WHAT IS NEEDED
Pictures must not appear in your answer. Write out exactly the lines from the one with "Property at 556" through the last line of the entries below.

┌─ EXTRACTED MATERIAL

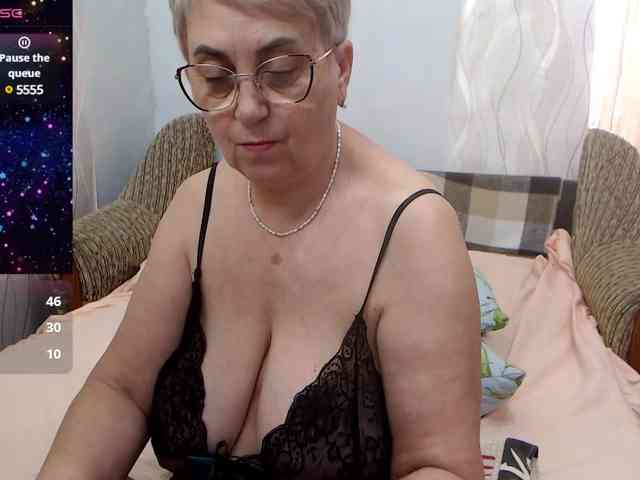 LedyMargaret webcam
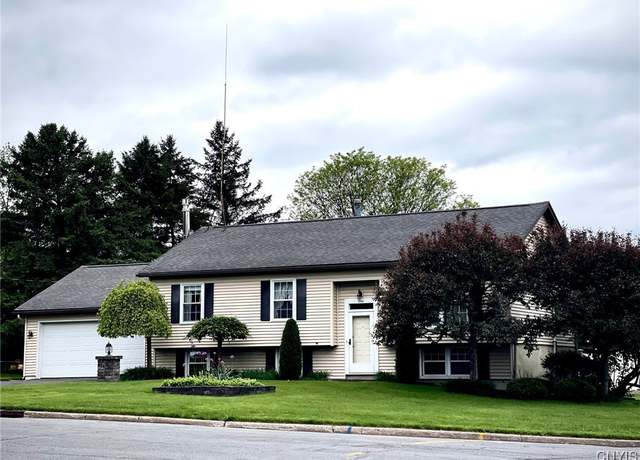 Property at 556 Stoneleigh Rd, Oneida-inside, NY 13421, 3 beds, 3.5 baths
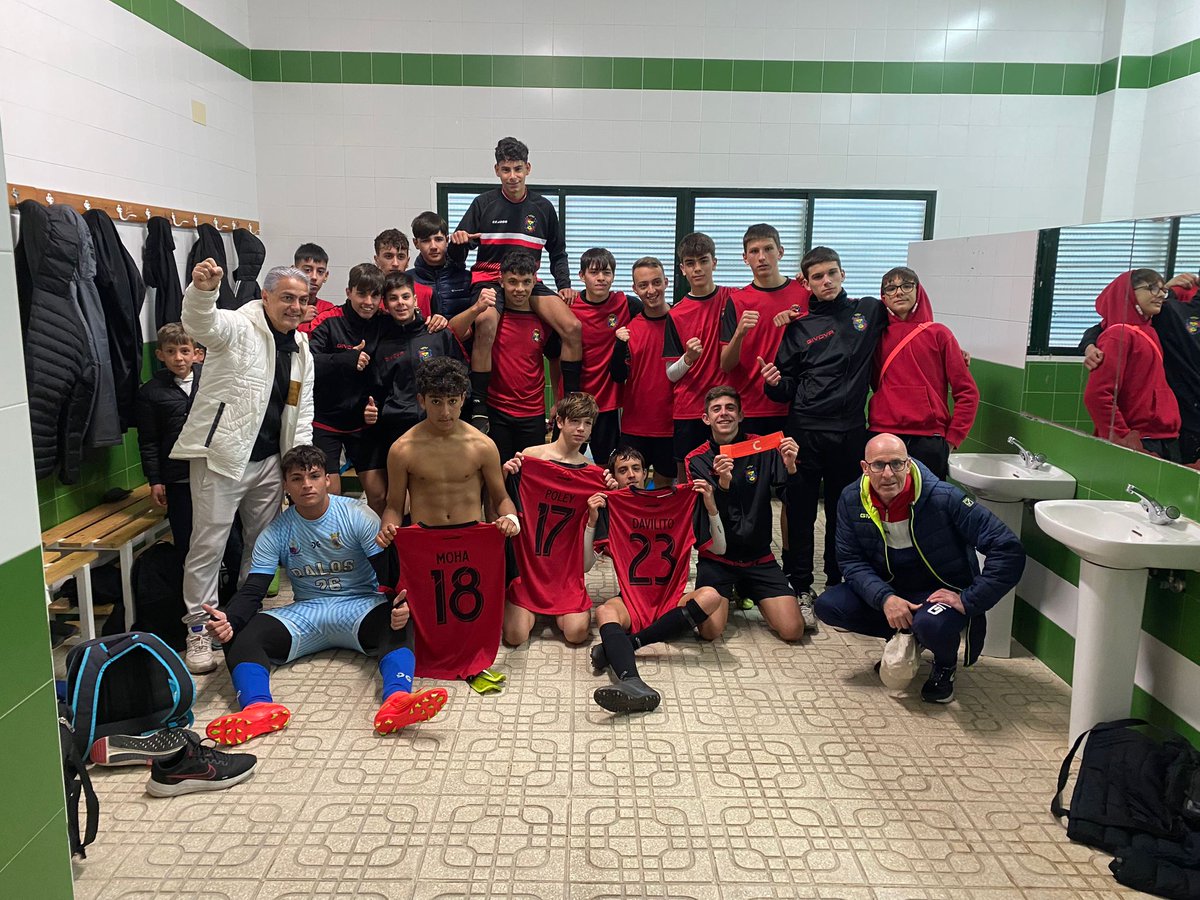 EQUIPAZO!❤️🖤💥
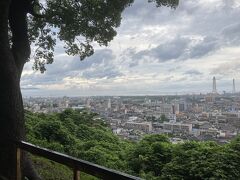 そして素敵な展望台もありました。
新日鉄の工場が迫力あります。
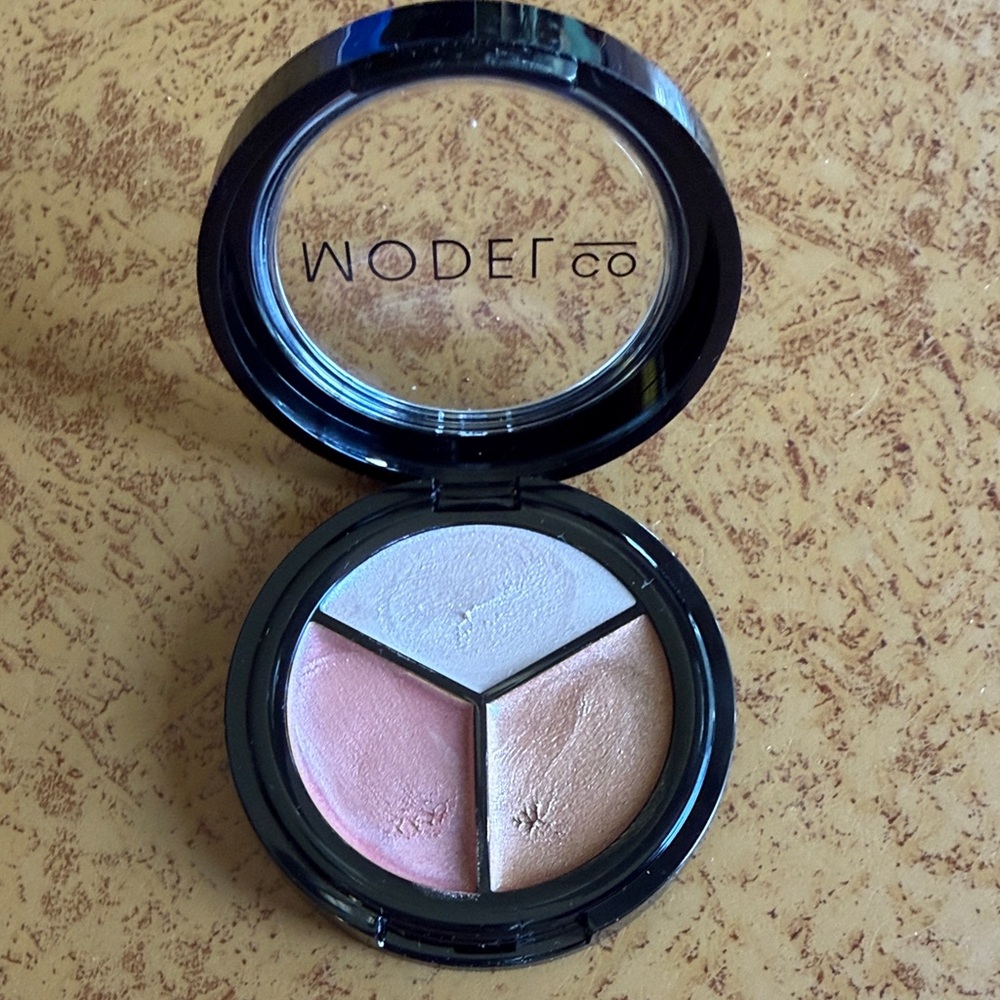 Bundle of Makeup Set used - Urban Decay, Too Faced, Morphe, MAC, Tarte, and more - Picture 5 of 16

└─

ANSWER TO THE EXERCISE
 Property at 556 Stoneleigh Rd, Oneida-inside, NY 13421, 3 beds, 3.5 baths
 EQUIPAZO!❤️🖤💥
 そして素敵な展望台もありました。
新日鉄の工場が迫力あります。
 Bundle of Makeup Set used - Urban Decay, Too Faced, Morphe, MAC, Tarte, and more - Picture 5 of 16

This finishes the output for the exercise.